There are many ways to get to the Super Bowl and the Giants are once again taking a long and winding road, but it is a path they are familiar with having followed a similar route to the NFL title game four years ago.
That year, the Giants won an NFL record 11 straight road games and became just the third team to post three consecutive road playoff victories capped by a Super Bowl upset of the unbeaten New England Patriots.
Photo: Reuters
The Giants launched this post-season at home with a win over the Atlanta Falcons, then headed to frosty Lambeau Field last weekend and eliminated defending Super Bowl champions the Green Bay Packers to set up tomorrow’s showdown with the hard-hitting 49ers.
As comfortable as the Giants are on the road, Candlestick Park has been a fortress for the 49ers, whose only loss this season was a 27-24 overtime defeat to Dallas in September. Among the 49ers eight home victories, including playoffs, was a 27-20 victory over the Giants in November.
“They [Giants] are a healthier team than when we played them. This is a Super Bowl contending team,” San Francisco coach Jim Harbaugh told reporters. “That’s who they are. They are a class team, a cruel team. They don’t give you things.”
Photo: EPA
“You prepare the best you can to strive to be better and go out and give it everything you have and see if that is good enough,” he added.
A Giants win would give Eli Manning five career road playoff victories, the most of any NFL quarterback, and put Tom Coughlin into a tie for the most by a coach with seven. However, the real prize is a spot in the Feb. 5 title game against the winner of the AFC showdown between the Patriots and Baltimore Ravens.

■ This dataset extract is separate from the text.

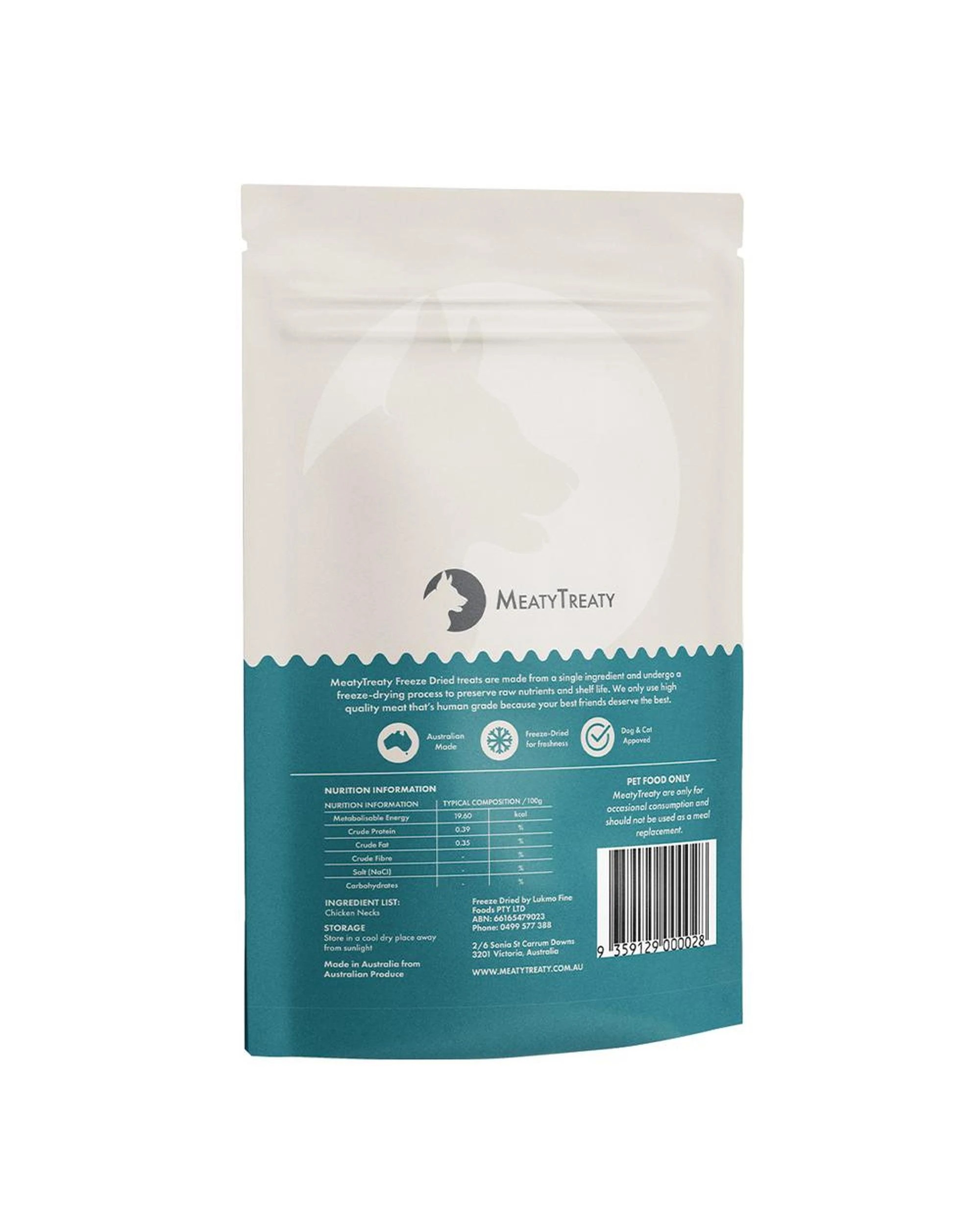 2 Meaty Treaty Freeze Dried Australian Chicken Necks Cat & Dog Treats 100g, 2 of 2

“I don’t think it has anything to do with being comfortable on the road,” Giants safety Antrel Rolle said. “It has to do with mindset, how we approach, how we attack the game ... It has everything to do with our approach that day.”
While Manning and company impressed against a Packers defense that allowed an NFL-worst average of 411.6 yards per game in the regular season, the stakes and the challenge rise against a ferocious Niners defense that is among the league’s very best.

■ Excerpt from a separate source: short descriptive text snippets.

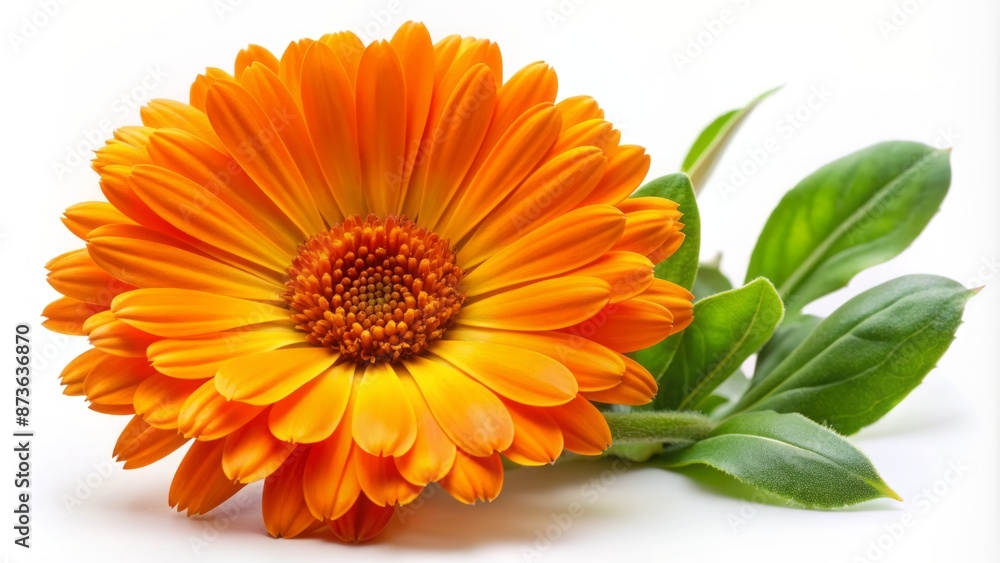 Vibrant orange petals and delicate green leaves of isolated Calendula officinalis flower on crisp white background, showcasing its intricate details. Vibrant orange petals and delicate green leaves of isolated Calendula officinalis flower on crisp white background, showcasing its intricate details.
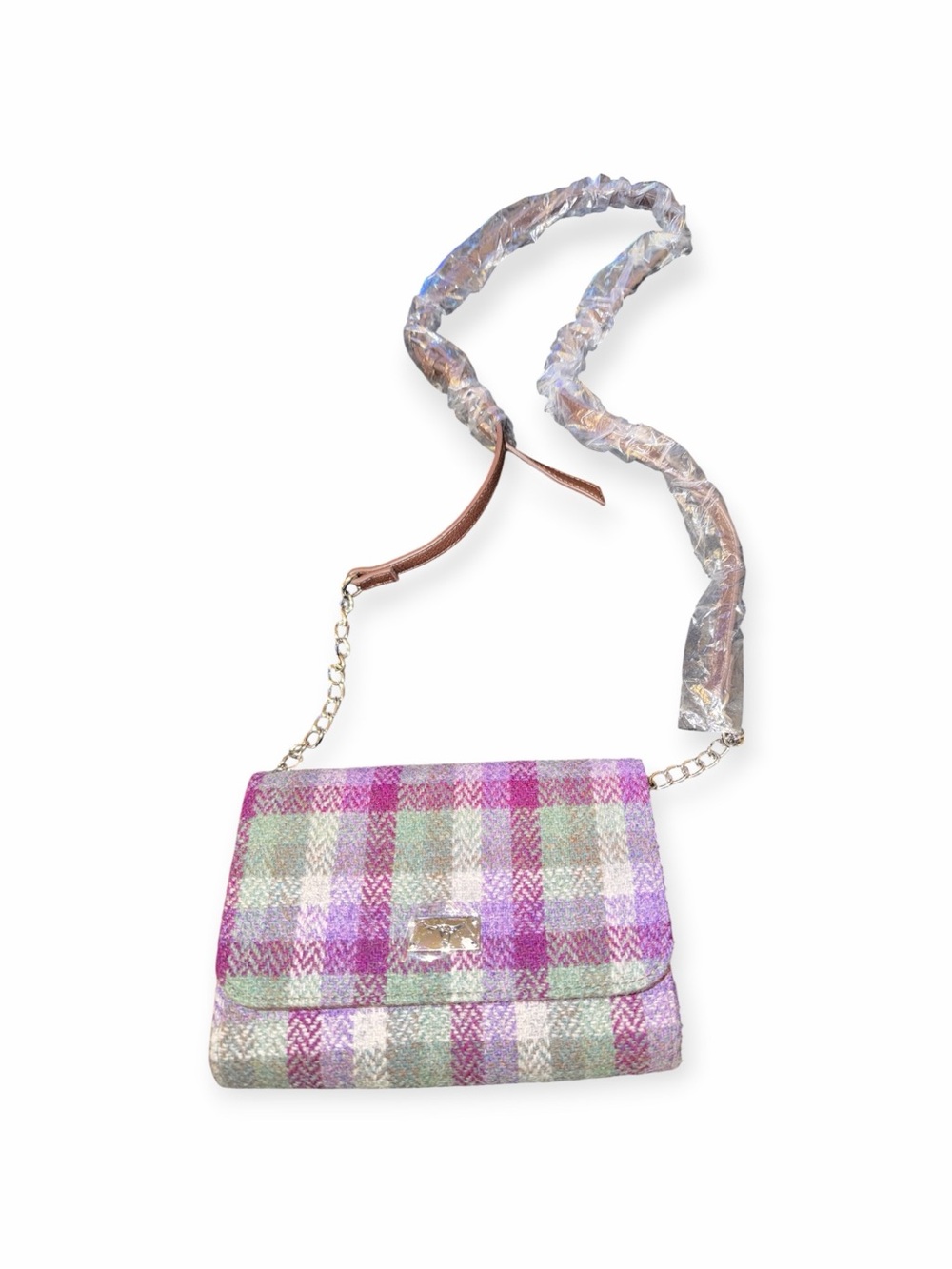 NWT Glen Appin Harris Tweed Strathy Wallet Crossbody Bag Pink Purple Plaid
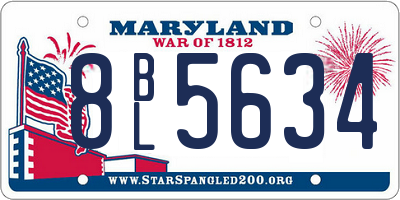MD license plate 8BL5634
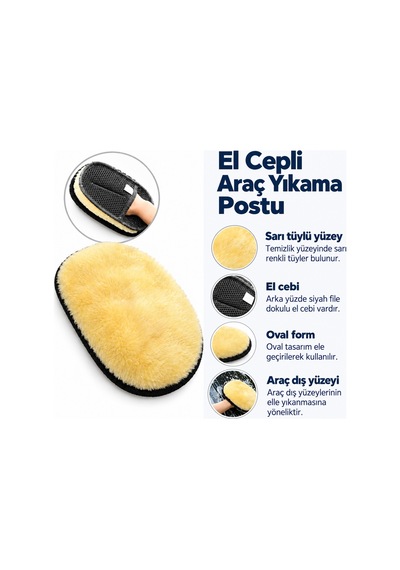 Buffer Sarı El Cepli Araç Yıkama Ve Parlatma Postu, Siyah File Cepli Oval Oto Temizlik Eldiveni, Tüylü Yüzeyli Araç Dış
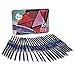 Pluqis 50 Colored Pencils in Tin Case, Pre-Sharpened, Great for Students, Kids School Supplies and Adult Coloring Books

The 49ers surrendered an average of 14.3 points a game during the regular season with only the Pittsburgh Steelers allowing less (14.2), but it is the punishing way that San Francisco plays defense that has brought attention and praise.
With rules tilted toward offense, the 49ers give-no-quarter style of defense is seen as throwback to a time when smash-mouth football was in vogue and receivers and quarterbacks were fair game.
San Francisco quarterback Alex Smith displayed some unexpected offensive flair in the 49ers’ divisional playoff win over the New Orleans Saints, but his team’s success has been constructed around preventing touchdowns more than scoring them.
After seeing off the Saints, the Niners have turned their sights on Manning and a Giants offense that is hitting its stride with both the passing and running game.
The Giants will attack the San Francisco defense with a quick strike attack built around Manning and flashy receivers Hakeem Nicks and Victor Cruz.